Description of the task
The required output is the stretch from the line containing "A bathroom with" through the line containing "Home Decor Nordic" in the records below, unaltered and with no pictures.

Input for this task
************
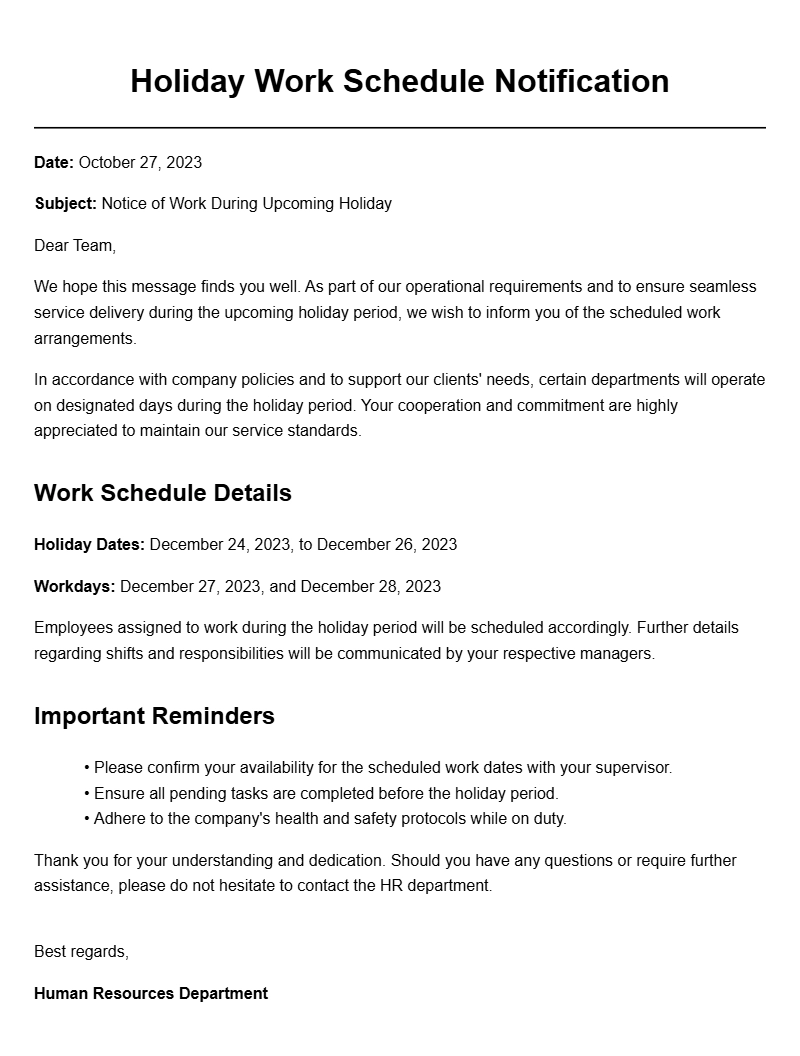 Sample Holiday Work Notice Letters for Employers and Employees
************
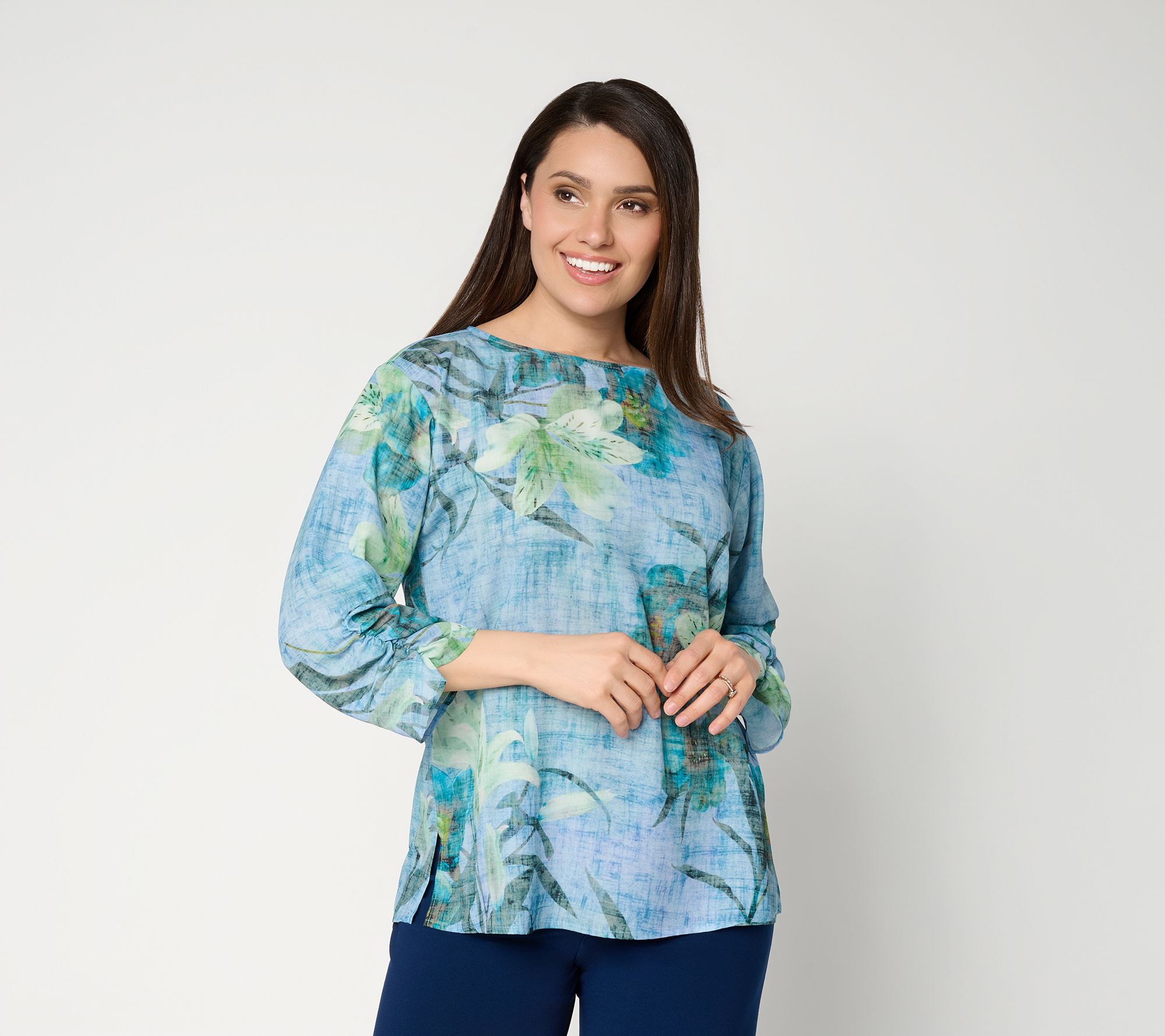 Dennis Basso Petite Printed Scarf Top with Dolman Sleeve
************
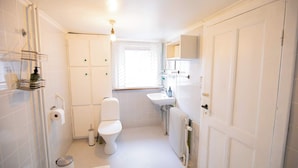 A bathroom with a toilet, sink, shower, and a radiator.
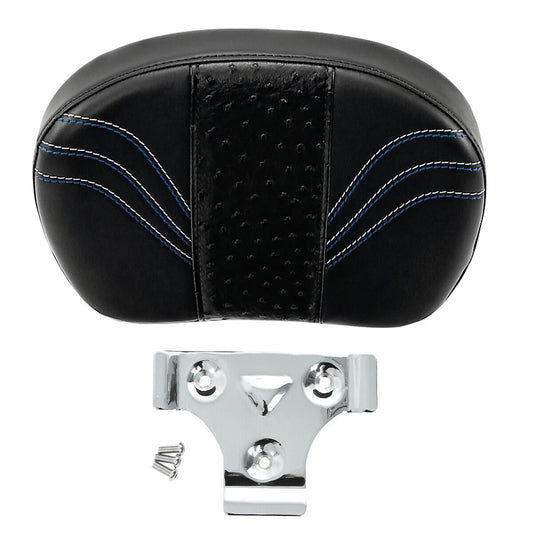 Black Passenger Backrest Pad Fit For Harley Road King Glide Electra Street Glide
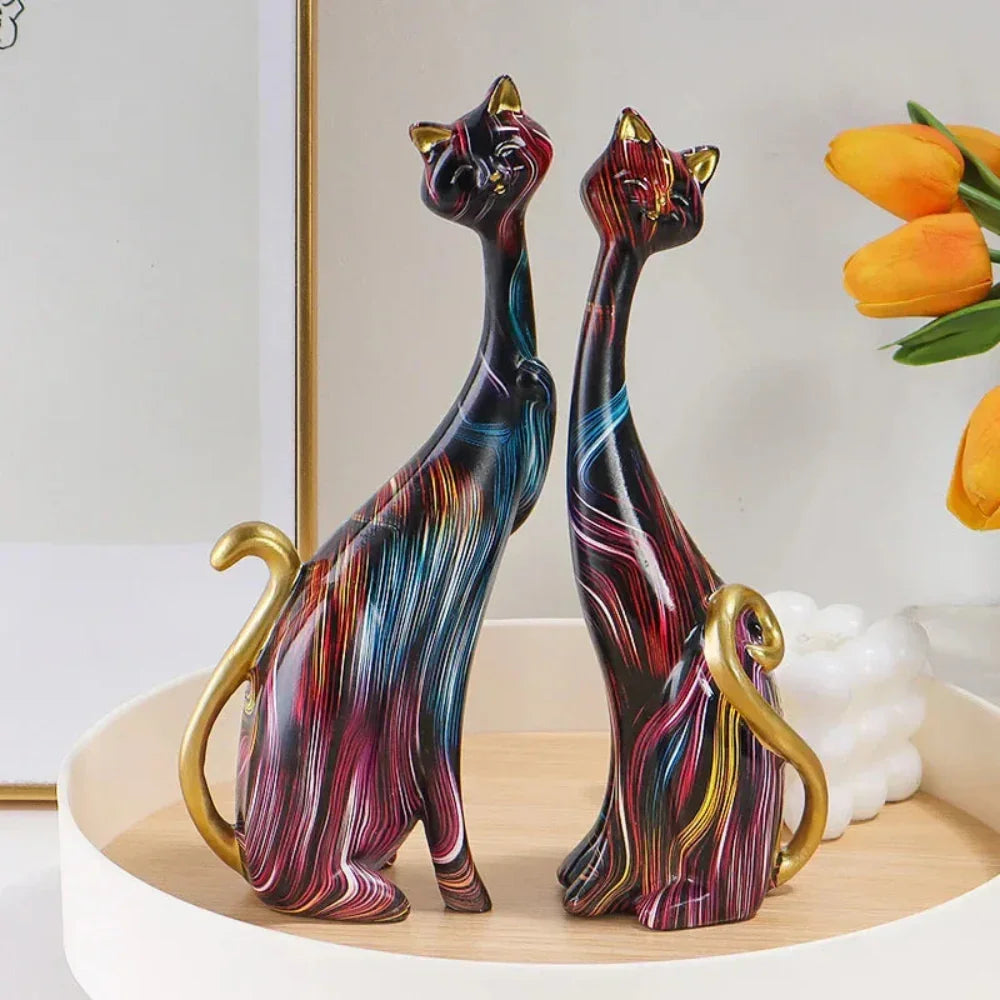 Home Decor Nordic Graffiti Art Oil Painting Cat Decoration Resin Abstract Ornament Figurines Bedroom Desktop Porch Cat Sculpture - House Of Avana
************
Task output
 A bathroom with a toilet, sink, shower, and a radiator.
 Black Passenger Backrest Pad Fit For Harley Road King Glide Electra Street Glide
 Home Decor Nordic Graffiti Art Oil Painting Cat Decoration Resin Abstract Ornament Figurines Bedroom Desktop Porch Cat Sculpture - House Of Avana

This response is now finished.